### DATA SUPPLIED
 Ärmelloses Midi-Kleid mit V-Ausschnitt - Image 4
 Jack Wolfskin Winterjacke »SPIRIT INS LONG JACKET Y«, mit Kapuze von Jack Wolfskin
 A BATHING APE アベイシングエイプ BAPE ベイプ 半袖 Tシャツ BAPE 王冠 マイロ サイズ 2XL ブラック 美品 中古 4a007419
--
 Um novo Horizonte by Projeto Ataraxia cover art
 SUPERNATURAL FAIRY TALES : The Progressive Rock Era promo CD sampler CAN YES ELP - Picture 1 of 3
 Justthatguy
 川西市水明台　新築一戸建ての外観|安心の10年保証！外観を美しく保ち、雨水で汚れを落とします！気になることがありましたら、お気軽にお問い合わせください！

### REQUIREMENT
The response must hold only the lines above from the line with "Um novo Horizonte" through the line with "川西市水明台　新築一戸建ての", each copied exactly, both ends kept.

### ANSWER FOR THE TASK
 Um novo Horizonte by Projeto Ataraxia cover art
 SUPERNATURAL FAIRY TALES : The Progressive Rock Era promo CD sampler CAN YES ELP - Picture 1 of 3
 Justthatguy
 川西市水明台　新築一戸建ての外観|安心の10年保証！外観を美しく保ち、雨水で汚れを落とします！気になることがありましたら、お気軽にお問い合わせください！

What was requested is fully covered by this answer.